AG: While the issue of the Juarez murders has gotten international attention in the last few years, in the state of Chihuahua, this has been a political issue locally for a long time. The governor who just took office made it part of this political campaign to say that he was going to resolve all the murder cases in Juarez. A lot of attention is given to how politicians say they will approach the issue of the Juarez murders. So it becomes relevant to the authorities to minimize the problem, to hide it, to say that we are exaggerating, that we are manipulating the issue and profiting from it. So there is a campaign to prevent from getting close to the families of the victims, they tell the families not to get together with us, because we are trouble, etc.

Second, there is a strong campaign in the media saying that the women die or disappear because they are crazy or whatever. Why? To absolve themselves of responsibility and not have deal with how they have failed in guaranteeing public safety. On the other hand there have been strong repression campaign against the organizations. Every time that Amnesty International comes there is a campaign against us. The Human Rights Commission comes, and again, they launch another campaign against us. They suggest that we are provoking the situation, making the international organizations come to our city, that the problem is not that big, that we are exaggerating, because we benefit from this. In the end, the problem is that Juarez murders is a political issue.

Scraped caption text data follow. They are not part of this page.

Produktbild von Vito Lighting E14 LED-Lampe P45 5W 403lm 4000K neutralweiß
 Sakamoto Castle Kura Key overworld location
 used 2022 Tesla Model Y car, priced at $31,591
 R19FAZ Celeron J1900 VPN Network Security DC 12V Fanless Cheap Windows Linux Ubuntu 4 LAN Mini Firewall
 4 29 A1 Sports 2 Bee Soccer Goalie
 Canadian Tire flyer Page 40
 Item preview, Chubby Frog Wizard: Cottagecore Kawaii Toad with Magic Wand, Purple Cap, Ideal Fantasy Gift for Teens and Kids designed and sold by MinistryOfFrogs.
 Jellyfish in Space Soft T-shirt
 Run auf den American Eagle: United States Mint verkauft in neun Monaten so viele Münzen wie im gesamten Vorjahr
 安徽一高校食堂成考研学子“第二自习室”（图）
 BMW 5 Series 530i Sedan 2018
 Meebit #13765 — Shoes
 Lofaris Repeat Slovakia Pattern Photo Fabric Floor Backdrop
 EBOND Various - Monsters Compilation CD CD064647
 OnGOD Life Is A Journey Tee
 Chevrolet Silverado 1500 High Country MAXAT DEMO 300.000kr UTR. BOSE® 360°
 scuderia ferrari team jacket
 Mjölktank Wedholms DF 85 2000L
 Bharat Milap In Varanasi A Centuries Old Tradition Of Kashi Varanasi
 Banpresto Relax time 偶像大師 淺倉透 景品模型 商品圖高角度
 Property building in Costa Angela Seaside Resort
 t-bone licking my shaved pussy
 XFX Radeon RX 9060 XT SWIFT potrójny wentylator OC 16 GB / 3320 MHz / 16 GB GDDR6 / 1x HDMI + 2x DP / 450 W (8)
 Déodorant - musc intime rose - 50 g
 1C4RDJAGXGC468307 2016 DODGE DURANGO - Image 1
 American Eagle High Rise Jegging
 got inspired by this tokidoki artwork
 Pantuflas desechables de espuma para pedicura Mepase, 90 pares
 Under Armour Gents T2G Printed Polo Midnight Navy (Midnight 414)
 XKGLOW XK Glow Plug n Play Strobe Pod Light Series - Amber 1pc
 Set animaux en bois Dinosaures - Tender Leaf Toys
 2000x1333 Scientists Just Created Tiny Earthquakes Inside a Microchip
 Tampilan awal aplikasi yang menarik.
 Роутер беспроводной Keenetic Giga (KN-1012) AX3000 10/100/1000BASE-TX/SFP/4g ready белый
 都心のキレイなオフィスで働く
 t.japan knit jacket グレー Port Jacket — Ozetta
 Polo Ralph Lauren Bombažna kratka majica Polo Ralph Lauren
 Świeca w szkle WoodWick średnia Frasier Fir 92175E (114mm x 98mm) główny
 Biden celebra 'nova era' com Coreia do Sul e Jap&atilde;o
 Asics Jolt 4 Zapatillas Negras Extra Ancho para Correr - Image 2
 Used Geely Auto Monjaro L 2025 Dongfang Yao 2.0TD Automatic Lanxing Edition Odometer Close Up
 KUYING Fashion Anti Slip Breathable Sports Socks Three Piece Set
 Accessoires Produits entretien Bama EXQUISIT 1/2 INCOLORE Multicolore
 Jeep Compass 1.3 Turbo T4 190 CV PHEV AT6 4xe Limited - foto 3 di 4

LC: How does the government present the victims in this case? They look for rationales to justify the crimes. Some say that there were family problems, that the women were overprotected, that there wasn't enough control over them, bad treatment, etc. Since they haven't found the perpetrators or they don't want to find them because there is complicity and the investigation could lead to people in power, and that the prosecutor's office might be full of people who are involved, so then, they have choose a guilty party so that the public calms down. That's when they start looking for scapegoats. The scapegoats will be among the poor, among those with alternative lifestyles because they are frowned up by the main sectors of society. Finally, if they make themselves up that way, if they dress that way, if they occasionally take drugs, then they might be capable of more. The public doesn't ask question when a young man dresses in that way is jailed and tortured. They say, well, it must be him.

9. Everyone involved in protesting the violence speaks of impunity. Can you specify what this means in relation to the murders?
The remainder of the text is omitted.